Here are some more elements relevant for this discussion
- I'm 100% favorable for FLTK 1.4 to require correct UTF-8 encoded strings
and to output an error message when encountering an incorrect string.
It's time to abandon the nightmare of pagecode tables.
- The intention behind commit 6e5f3f7 was to make the Pango-based FLTK
backend behave as other backends do, which is what we usually aim at.
- All other backends process incorrect UTF-8 strings as though they were
CP-1252 encoded.

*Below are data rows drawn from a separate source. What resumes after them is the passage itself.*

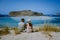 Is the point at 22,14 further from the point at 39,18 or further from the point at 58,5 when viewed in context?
the point at 58,5

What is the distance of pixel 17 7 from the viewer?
1.90 metres

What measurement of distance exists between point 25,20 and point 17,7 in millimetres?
207

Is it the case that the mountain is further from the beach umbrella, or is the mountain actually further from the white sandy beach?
the beach umbrella

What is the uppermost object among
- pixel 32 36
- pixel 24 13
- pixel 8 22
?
pixel 24 13

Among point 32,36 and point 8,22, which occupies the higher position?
point 8,22

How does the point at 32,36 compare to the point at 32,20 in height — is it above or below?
below

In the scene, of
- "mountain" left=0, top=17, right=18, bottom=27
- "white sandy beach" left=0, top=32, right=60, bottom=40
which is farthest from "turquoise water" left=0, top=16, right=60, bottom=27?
"white sandy beach" left=0, top=32, right=60, bottom=40

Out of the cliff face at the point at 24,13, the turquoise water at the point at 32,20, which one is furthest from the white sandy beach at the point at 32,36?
the cliff face at the point at 24,13

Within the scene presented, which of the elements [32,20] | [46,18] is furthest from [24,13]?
[46,18]

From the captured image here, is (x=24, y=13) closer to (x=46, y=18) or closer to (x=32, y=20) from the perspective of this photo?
(x=32, y=20)

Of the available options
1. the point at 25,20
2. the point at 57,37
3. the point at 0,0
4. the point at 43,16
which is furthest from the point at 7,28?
the point at 57,37

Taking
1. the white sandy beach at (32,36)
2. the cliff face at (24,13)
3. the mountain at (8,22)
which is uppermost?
the cliff face at (24,13)

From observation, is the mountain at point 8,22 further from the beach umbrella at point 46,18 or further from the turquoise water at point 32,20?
the beach umbrella at point 46,18

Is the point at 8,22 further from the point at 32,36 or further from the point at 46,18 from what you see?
the point at 46,18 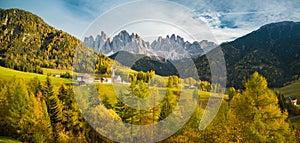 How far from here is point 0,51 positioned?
185 meters

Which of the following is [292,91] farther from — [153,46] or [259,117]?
[153,46]

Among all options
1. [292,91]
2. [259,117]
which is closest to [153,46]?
[259,117]

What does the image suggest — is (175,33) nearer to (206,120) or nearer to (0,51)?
(206,120)

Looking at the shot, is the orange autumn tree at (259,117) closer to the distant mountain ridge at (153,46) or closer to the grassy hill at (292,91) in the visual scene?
the distant mountain ridge at (153,46)

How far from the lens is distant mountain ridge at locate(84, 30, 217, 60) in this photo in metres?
16.3

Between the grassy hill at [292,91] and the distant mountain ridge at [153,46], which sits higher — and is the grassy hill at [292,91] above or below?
below

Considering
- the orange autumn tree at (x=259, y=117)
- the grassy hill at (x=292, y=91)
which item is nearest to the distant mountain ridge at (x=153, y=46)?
the orange autumn tree at (x=259, y=117)

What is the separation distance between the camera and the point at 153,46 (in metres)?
20.2

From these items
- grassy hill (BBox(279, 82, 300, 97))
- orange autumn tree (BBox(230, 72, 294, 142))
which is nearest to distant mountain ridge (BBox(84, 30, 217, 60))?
orange autumn tree (BBox(230, 72, 294, 142))

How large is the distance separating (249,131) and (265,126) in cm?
151

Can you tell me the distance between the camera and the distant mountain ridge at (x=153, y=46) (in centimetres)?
A: 1627

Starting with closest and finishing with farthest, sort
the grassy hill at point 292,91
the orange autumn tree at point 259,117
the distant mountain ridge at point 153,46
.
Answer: the distant mountain ridge at point 153,46 < the orange autumn tree at point 259,117 < the grassy hill at point 292,91

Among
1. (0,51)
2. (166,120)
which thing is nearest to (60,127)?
(166,120)

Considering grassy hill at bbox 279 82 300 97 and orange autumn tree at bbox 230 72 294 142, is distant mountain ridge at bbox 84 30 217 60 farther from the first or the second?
grassy hill at bbox 279 82 300 97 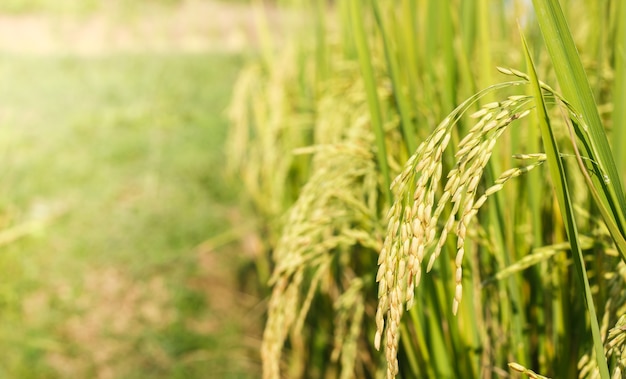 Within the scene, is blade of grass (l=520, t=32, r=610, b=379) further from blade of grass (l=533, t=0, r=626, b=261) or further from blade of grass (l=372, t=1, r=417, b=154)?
blade of grass (l=372, t=1, r=417, b=154)

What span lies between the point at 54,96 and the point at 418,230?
498 centimetres

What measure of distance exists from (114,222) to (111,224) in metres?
0.02

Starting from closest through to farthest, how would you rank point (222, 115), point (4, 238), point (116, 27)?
1. point (4, 238)
2. point (222, 115)
3. point (116, 27)

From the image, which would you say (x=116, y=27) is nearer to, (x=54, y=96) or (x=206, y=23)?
(x=206, y=23)

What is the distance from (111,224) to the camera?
11.6 feet

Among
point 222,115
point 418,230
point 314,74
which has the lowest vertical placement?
point 418,230

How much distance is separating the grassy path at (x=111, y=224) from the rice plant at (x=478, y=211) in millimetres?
1403

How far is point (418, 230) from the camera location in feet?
2.02

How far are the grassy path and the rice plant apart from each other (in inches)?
55.2

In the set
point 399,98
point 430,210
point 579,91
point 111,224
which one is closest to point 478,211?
point 399,98

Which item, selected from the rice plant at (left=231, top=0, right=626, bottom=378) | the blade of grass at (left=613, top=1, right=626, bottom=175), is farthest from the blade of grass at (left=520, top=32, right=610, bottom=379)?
the blade of grass at (left=613, top=1, right=626, bottom=175)

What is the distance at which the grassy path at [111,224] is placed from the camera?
8.78 feet

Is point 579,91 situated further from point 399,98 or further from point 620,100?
point 399,98

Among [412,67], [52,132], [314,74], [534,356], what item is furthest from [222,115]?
[534,356] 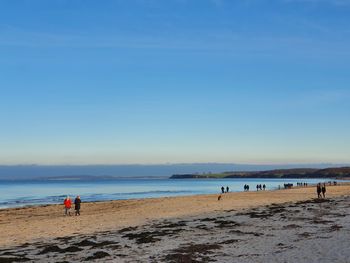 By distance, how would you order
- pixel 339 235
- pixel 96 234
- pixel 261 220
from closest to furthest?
1. pixel 339 235
2. pixel 96 234
3. pixel 261 220

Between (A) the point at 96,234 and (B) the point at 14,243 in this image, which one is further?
(A) the point at 96,234

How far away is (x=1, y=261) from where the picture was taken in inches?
612

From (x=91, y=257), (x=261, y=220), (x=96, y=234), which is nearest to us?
(x=91, y=257)

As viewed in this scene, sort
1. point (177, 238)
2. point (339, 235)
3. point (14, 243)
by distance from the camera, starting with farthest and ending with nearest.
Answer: point (14, 243), point (177, 238), point (339, 235)

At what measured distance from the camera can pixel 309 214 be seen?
87.9 feet

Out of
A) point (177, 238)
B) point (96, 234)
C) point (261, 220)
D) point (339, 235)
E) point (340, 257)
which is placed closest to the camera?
point (340, 257)

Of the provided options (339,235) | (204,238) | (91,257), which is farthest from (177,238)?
(339,235)

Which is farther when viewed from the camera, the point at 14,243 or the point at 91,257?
the point at 14,243

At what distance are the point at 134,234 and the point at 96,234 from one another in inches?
88.1

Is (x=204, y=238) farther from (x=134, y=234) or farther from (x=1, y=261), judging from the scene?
(x=1, y=261)

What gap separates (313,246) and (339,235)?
2533 mm

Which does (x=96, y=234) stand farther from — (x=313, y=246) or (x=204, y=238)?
(x=313, y=246)

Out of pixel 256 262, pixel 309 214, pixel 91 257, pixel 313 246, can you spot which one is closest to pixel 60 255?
pixel 91 257

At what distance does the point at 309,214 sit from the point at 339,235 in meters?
9.16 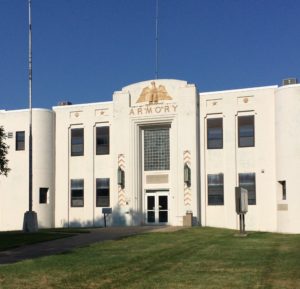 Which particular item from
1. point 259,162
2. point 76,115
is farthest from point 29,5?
point 259,162

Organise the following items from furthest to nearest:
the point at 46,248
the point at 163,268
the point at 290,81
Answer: the point at 290,81, the point at 46,248, the point at 163,268

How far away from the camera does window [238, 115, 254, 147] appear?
34750 mm

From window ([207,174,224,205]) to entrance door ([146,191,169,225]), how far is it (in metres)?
3.03

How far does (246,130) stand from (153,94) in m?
6.54

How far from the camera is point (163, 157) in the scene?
36.8 meters

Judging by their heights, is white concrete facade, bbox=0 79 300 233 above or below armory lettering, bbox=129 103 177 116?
below

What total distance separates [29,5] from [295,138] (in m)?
17.5

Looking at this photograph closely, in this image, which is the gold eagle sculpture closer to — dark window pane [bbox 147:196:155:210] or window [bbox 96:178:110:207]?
window [bbox 96:178:110:207]

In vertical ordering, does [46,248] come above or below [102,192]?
below

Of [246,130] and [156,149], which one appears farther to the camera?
[156,149]

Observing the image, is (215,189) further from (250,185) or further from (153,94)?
(153,94)

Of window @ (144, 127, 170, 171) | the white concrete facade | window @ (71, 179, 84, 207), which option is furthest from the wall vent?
→ window @ (71, 179, 84, 207)

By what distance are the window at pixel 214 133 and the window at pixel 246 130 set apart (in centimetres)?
123

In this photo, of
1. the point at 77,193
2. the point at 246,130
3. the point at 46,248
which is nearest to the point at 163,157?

I agree that the bet that CP-1252 is used if UTF-8
is not is not safe.
- Before commit 6e5f3f7, Pango draws each incorrect byte of an
input string with character 0xFFFD defined by Unicode as
"Replacement Character used to replace an incoming character
unknown or unrepresentable in Unicode"
and spits an error message on stderr of the form
Pango-WARNING **: 08:54:40: Invalid UTF-8 string passed to pango_layout_set_text()

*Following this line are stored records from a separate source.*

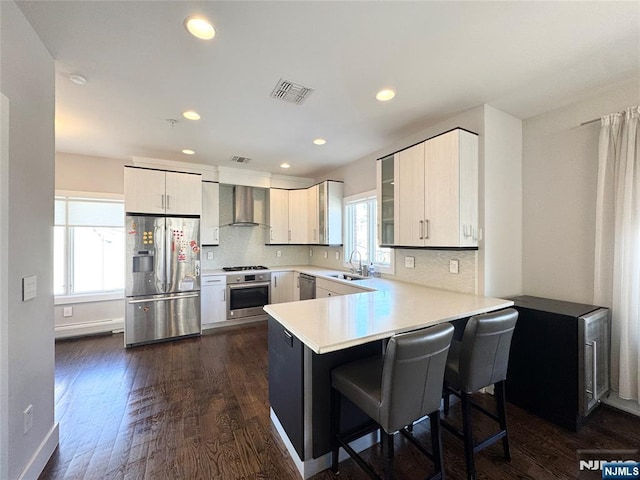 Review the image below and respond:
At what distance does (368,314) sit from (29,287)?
207cm

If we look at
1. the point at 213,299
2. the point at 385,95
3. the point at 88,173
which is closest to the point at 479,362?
the point at 385,95

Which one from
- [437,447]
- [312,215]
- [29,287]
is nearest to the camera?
[437,447]

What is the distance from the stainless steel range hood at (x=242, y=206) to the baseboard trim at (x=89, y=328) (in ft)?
7.91

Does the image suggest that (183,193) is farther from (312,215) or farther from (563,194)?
(563,194)

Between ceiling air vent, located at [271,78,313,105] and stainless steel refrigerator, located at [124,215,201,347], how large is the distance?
2.48 metres

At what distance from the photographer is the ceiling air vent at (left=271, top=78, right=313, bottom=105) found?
2.12 metres

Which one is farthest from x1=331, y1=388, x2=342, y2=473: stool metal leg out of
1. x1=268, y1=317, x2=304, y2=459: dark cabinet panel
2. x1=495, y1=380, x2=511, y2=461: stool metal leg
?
x1=495, y1=380, x2=511, y2=461: stool metal leg

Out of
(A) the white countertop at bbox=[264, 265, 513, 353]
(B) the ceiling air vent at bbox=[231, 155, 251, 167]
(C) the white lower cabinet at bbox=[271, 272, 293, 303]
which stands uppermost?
(B) the ceiling air vent at bbox=[231, 155, 251, 167]

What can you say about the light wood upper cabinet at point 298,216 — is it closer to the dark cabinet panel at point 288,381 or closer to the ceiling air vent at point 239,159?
the ceiling air vent at point 239,159

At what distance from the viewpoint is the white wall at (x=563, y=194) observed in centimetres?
225

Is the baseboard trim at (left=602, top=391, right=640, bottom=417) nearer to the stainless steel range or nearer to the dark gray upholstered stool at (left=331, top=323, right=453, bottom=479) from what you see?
the dark gray upholstered stool at (left=331, top=323, right=453, bottom=479)

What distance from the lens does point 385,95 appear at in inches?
89.6

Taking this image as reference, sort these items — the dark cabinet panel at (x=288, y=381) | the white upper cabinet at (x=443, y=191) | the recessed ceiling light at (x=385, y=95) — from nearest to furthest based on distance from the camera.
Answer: the dark cabinet panel at (x=288, y=381)
the recessed ceiling light at (x=385, y=95)
the white upper cabinet at (x=443, y=191)

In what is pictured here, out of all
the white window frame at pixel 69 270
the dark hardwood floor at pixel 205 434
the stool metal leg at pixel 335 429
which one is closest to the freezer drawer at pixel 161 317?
the dark hardwood floor at pixel 205 434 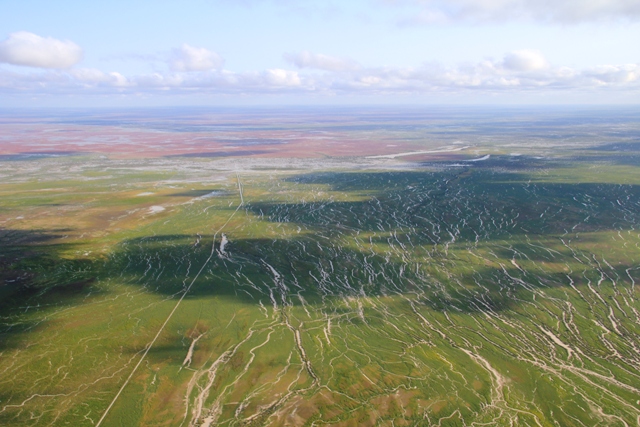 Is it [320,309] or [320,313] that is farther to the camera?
[320,309]

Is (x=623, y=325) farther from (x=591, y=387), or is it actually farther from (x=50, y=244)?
(x=50, y=244)

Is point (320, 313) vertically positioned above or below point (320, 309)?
above

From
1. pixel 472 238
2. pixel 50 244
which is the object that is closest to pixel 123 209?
pixel 50 244
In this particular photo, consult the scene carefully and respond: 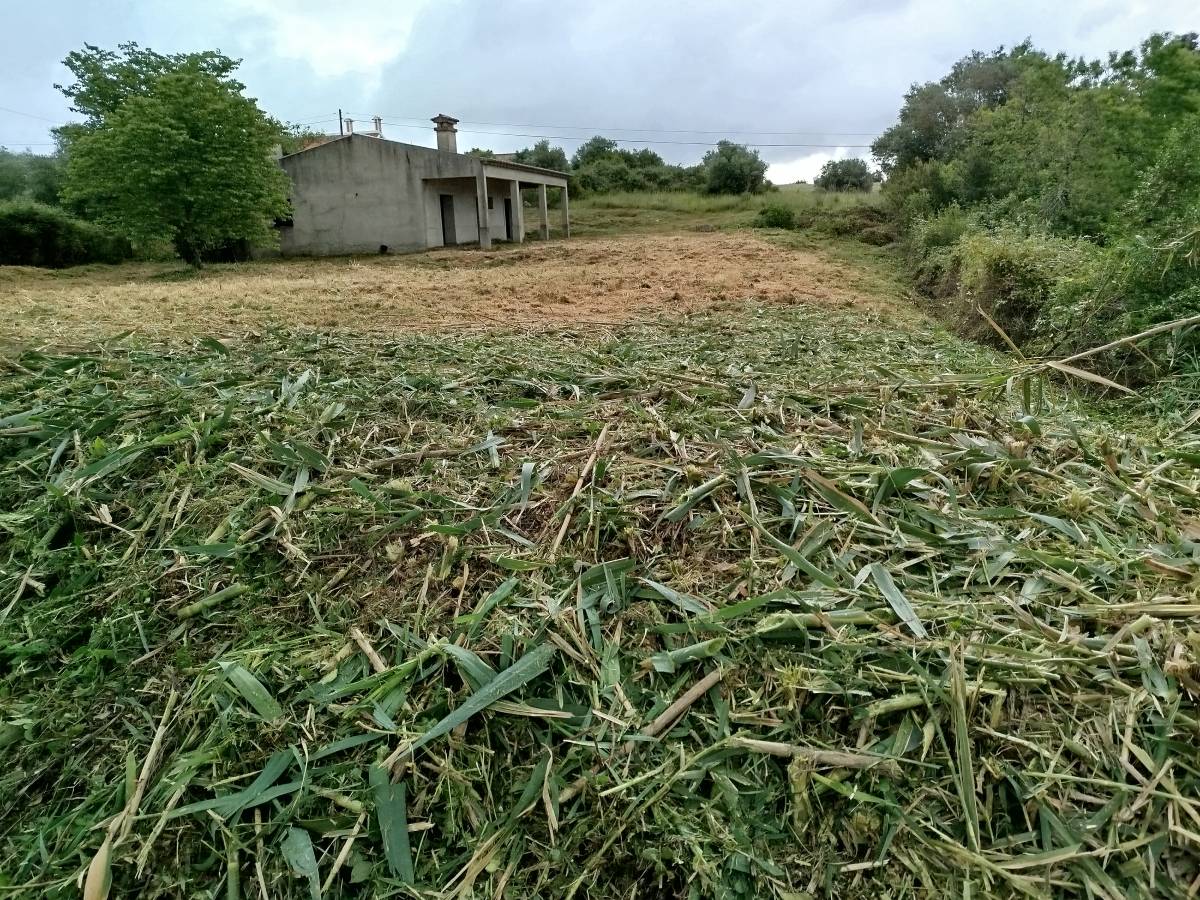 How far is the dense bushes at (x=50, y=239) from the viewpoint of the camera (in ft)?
50.3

That is essentially what point (2) above advocates.
- It's worth knowing that currently ALL non-Pango FLTK backends transform ALL
the strings they draw (or measure their length) from UTF-8 to either
UTF-16 or UTF-32 before drawing or measuring them [1]. They all ultimately
call fl_utf8decode() for each Unicode character in that process.
They all store the transformed string in a private memory zone
which is transmitted to the system call that draws or measures the text.
The same memory zone gets re-used to store the next drawn or measured string.
- Commit 6e5f3f7 uses the same process except that if the input string
is correctly UTF-8 encoded, no private memory zone is needed: the Pango function
uses the input string itself.
- Here are the options I see among which we could choose for this issue
(i) leave as before commit 6e5f3f7: the drawn text uses Unicode's Replacement
Character when Pango encounters non-conformant input data; an error
message is output to stderr. Document that the FLTK Pango-based backend
requires UTF-8 conformant strings.
(ii) draw the Replacement Character when appropriate and output an error message
through Fl::warning(). This requires to parse the input string with fl_utf8decode()
or with a slightly lighter procedure and to copy any non-conformant input
string to a private memory zone. Overall, the compute cost will be very similar
to that of commit 6e5f3f7.
(iii) Keep commit 6e5f3f7. The Pango backend would behave as all other FLTK backends
with some computation cost. This commit could be improved a bit for conformant strings
where the 2 full function calls
unsigned codepoint = fl_utf8decode(p, end, &len);
len2 = fl_utf8encode(codepoint, buf4);
can probably be simplified if their goal is only to detect non-conformant bytes.
[1]:
macOS: mac_Utf8_to_Utf16() calls fl_utf8toUtf16() calls fl_utf8decode()
Xft: calls utf8reformat() calls fl_utf8towc() calls fl_utf8decode()
Windows: calls fl_utf8toUtf16() calls fl_utf8decode()